Il y a ensuite les règles dans les sports qui doivent être érigées afin de limiter les coups à la tête et à encourager le fairplay.

Une autre méthode serait la prévention individuelle par la pratique d’exercices de renforcement musculaire au niveau du cou afin d’augmenter l’absorption de l’énergie, etc.

Finalement, on essaie de sensibiliser davantage les jeunes sur les commotions afin qu’ils soient en mesure de détecter rapidement les signes chez leurs coéquipiers par exemple.

Daniel : Est-ce que les micro-commotions cérébrales existent?

Philippe : Malgré le fait que beaucoup de spécialistes se penchent sur la question, il nous est actuellement difficile de répondre à cette question en 2021.

On a en effet détecté que certains sports, tels que le soccer et le football par exemple, créer des milliers de coups répétés à la tête des joueurs sans toutefois provoquer de commotions.
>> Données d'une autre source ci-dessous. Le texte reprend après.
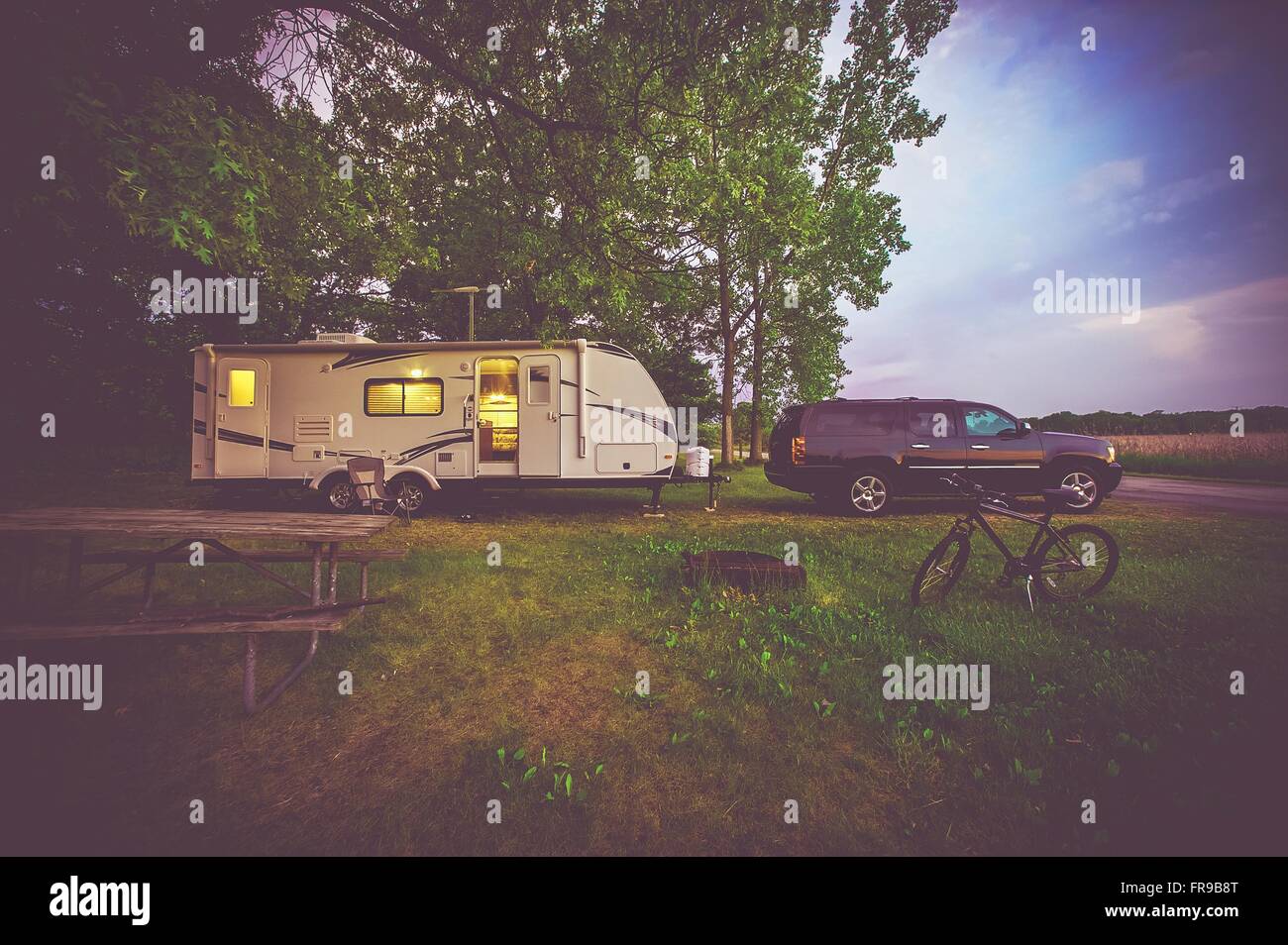 RV Camping Adventure. SUV Pulling Travel Trailer. Camper Journey Stock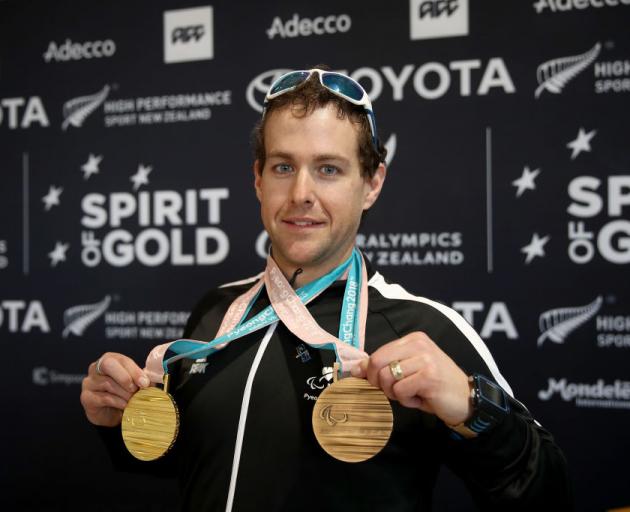 Otago skier Adam Hall at Auckland Airport yesterday with the gold and bronze medals he won at the Winter Paralympics in South Korea. Photo: Getty Images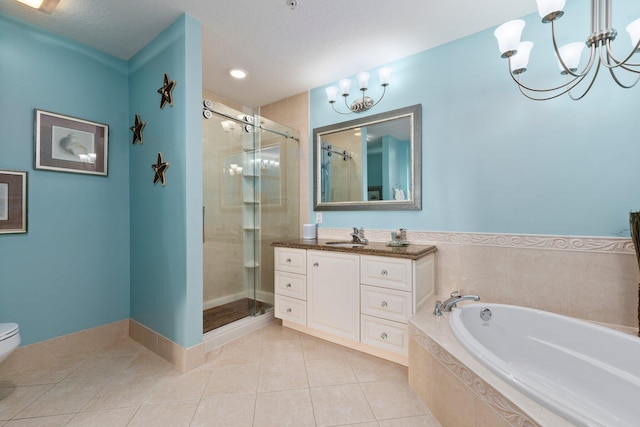 full bathroom featuring tile patterned flooring, shower with separate bathtub, a notable chandelier, and vanity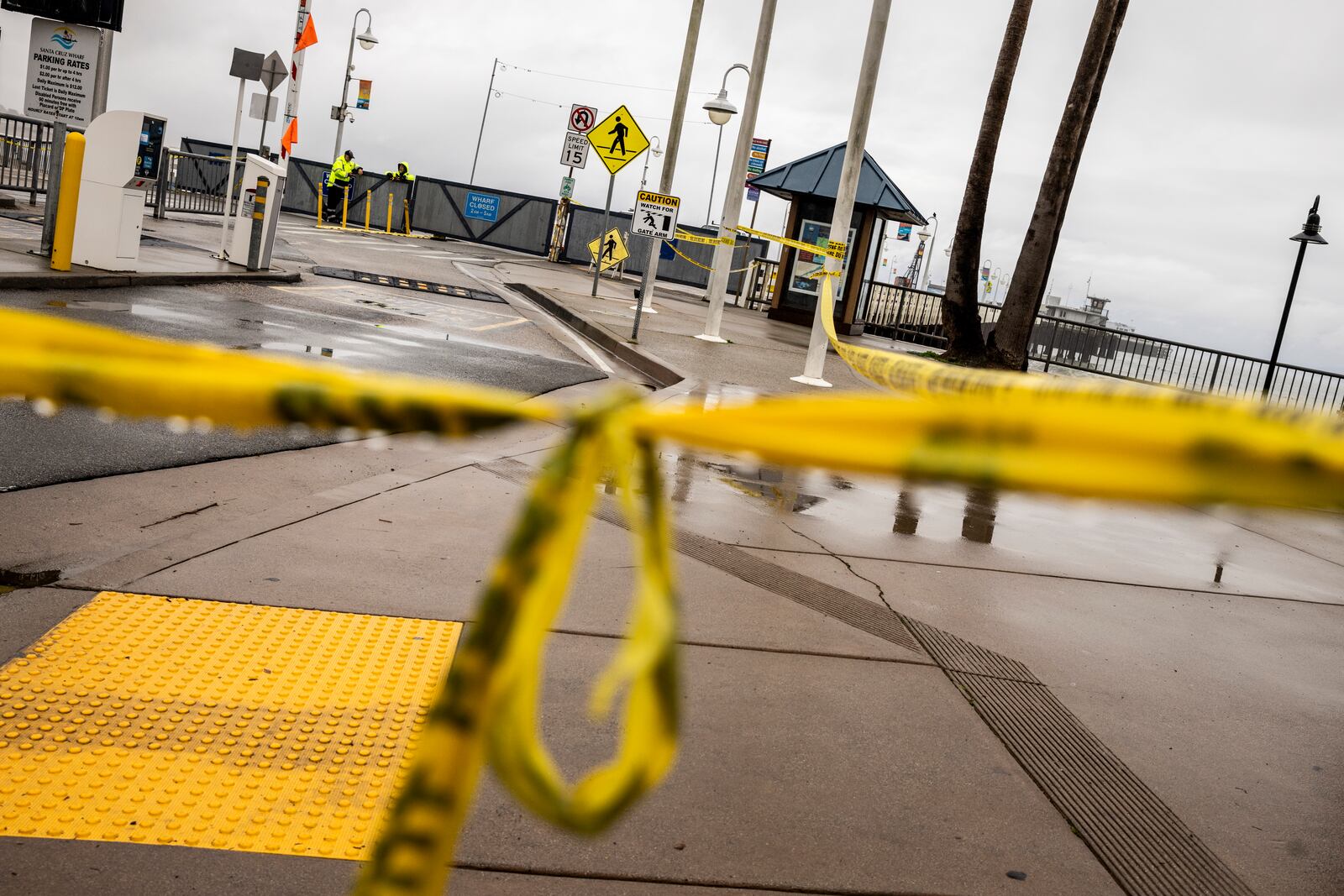 Caution tape hangs near the entrance of the closed Santa Cruz Wharf after a section of the wharf collapsed into the Pacific Ocean amidst heavy surf Monday in Santa Cruz, Calif., Tuesday, Dec. 24, 2024. (Stephen Lam/San Francisco Chronicle via AP)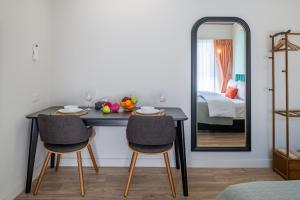 a room with a table and two chairs and a mirror at Boutique hotel Axis Bangkok in Bangkok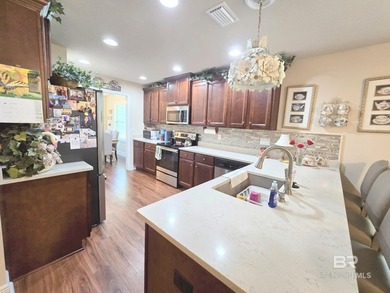 This amazingly PRICED HOME IN IBERVILLE SQUARE is a WELL - photo 14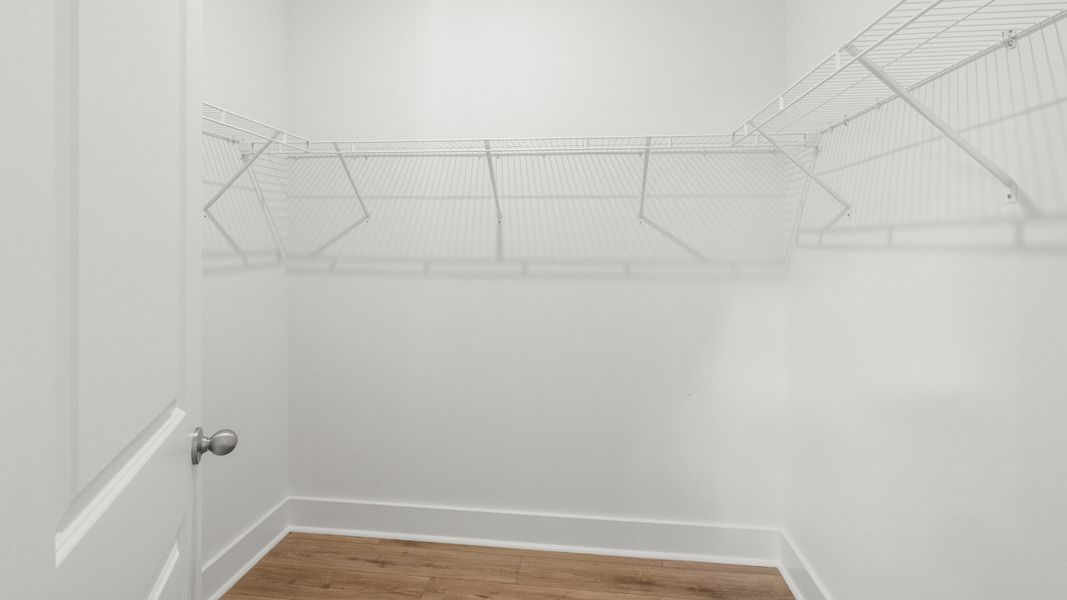 Spacious walk-in closet with built-in shelving for organized, everyday living. Spacious walk-in closet with built-in shelving for organized, everyday living.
Par contre, ce serait l’accumulation de ces micro-chocs qui provoqueraient des dysfonctions plus tard dans leur vie.

Ceci étant dit, aucun résultat ne peut prouver cette théorie pour l’instant.

Daniel : Pour terminer, peux-tu nous parler un peu de la Fondation Pier-Yves Bouchard?

Philippe : Pier-Yves était un joueur de soccer de 21 ans lorsqu’il a perdu la vie suite à un choc important survenu lors d’un tournoi de soccer intérieur.

Je jouais à l’époque au soccer avec son père et nous avons eu l’idée de fonder une fondation qui aiderait les gens atteint d’une commotion cérébrale soit pour des consultations avec des professionnels ou encore pour l’achat d’équipement divers. On a ainsi aidé une foule d’équipes de sports pour l’achat de casques de protection par exemple.

Notre mission est donc d’aider les gens qui ont subit des commotions cérébrales dans un contexte sportif.